On June 11, 2020, the Equal Employment Opportunity Commission (EEOC) issued updates to its technical assistance guidance to address employers’ questions as they plan for the safety of employees returning to the workplace. The guidance, “What You Should Know About COVID-19 and the ADA, the Rehabilitation Act, and Other EEO Laws,” appears in question-and-answer format with updates to address return to work issues, including requests for accommodation; workplace screening issues; pandemic-related harassment; and age, caregiver and pregnancy discrimination. 

  • No Accommodation for COVID-19-Related Associational Disability. Employers are not required to provide an accommodation to an employee to avoid exposing a family member of the employee who is at higher risk of severe illness from COVID-19 due to an underlying medical condition. For example, an employer is not required to provide telework as an accommodation to an employee without a disability in order to protect the employee’s family member with a disability from potential COVID-19 exposure.

  • Return to Work Screening. If an employee requests an alternative method of return to workplace screening due to a medical condition, employers may choose to make the requested change available to all employees without going through an interactive process. Alternatively, employers may proceed as they would for any other request for an accommodation under the Americans with Disabilities Act (ADA). If the employee requests the alternative method as a religious accommodation, employers should determine if accommodation is available under Title VII.

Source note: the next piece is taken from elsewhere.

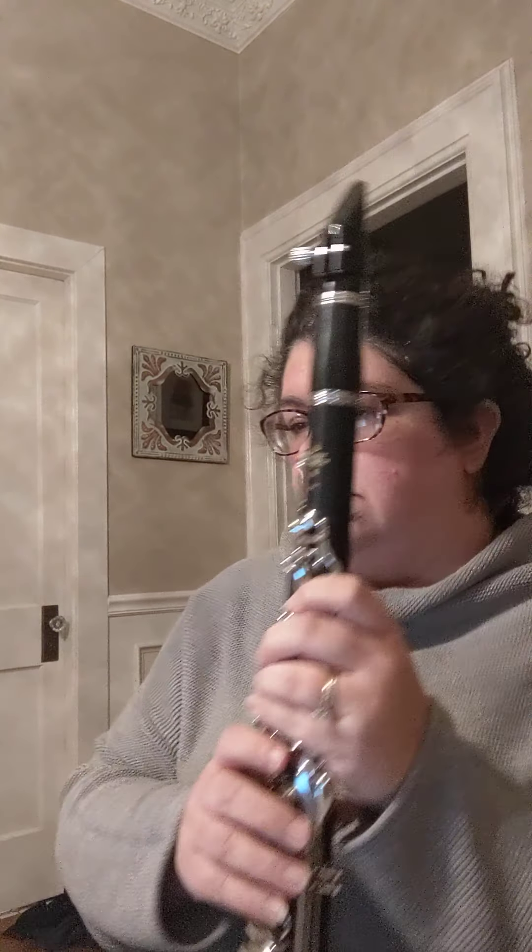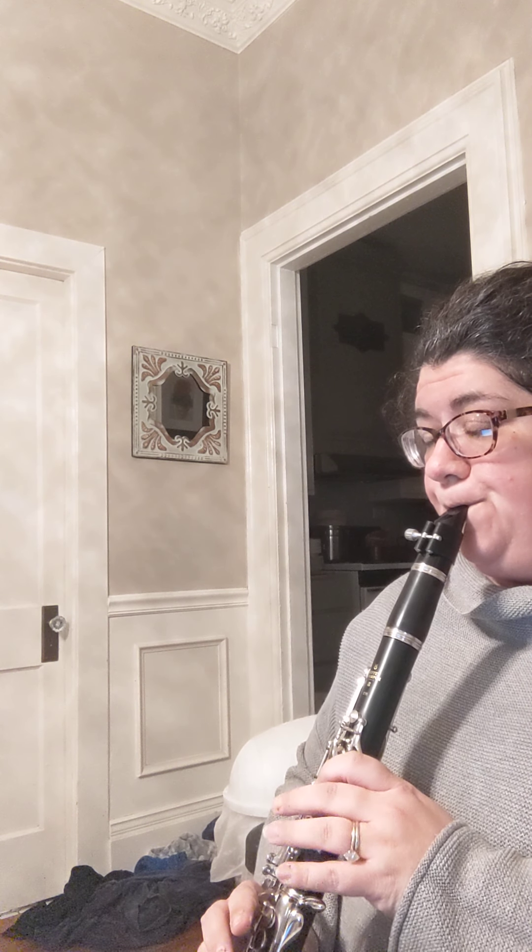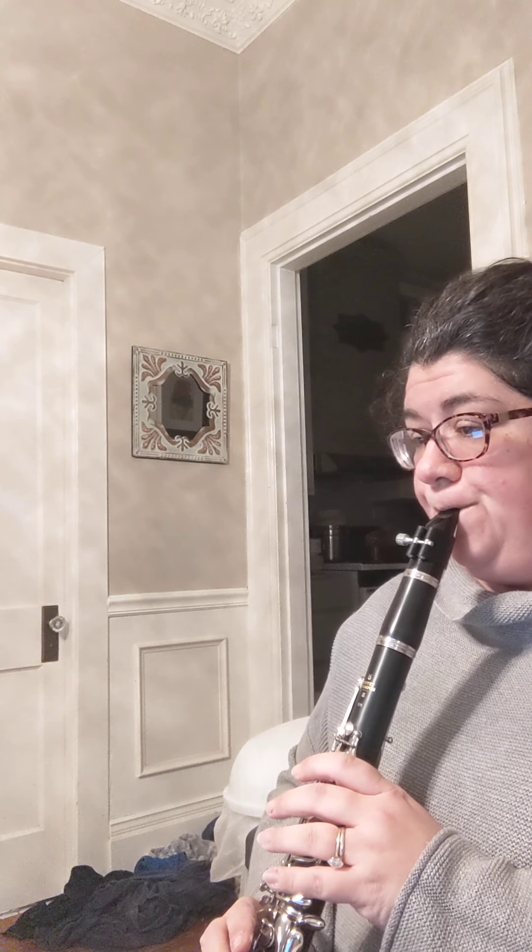Okay, so let's go ahead and get started on number 92. Okay, so we're going to go on to number 93.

  • Notice in Advance of Return to Work. Employers may provide advance notice to all employees advising them of who to contact to request an accommodation they may need for a disability upon a return to work even if a return date has not been set. The notice may identify the medical conditions listed by the U.S. Centers for Disease Control and Prevention (CDC) that may place people at higher risk of serious illness if they contract COVID-19. The notice should explain that the employer is willing to consider, on a case-by-case basis, any reasonable request from employees who have the CDC-listed or other medical conditions. Should an employee request an accommodation in advance of returning to work, employers may engage in the interactive process before the return to work date and proceed as they would for any other request for an accommodation under the ADA. 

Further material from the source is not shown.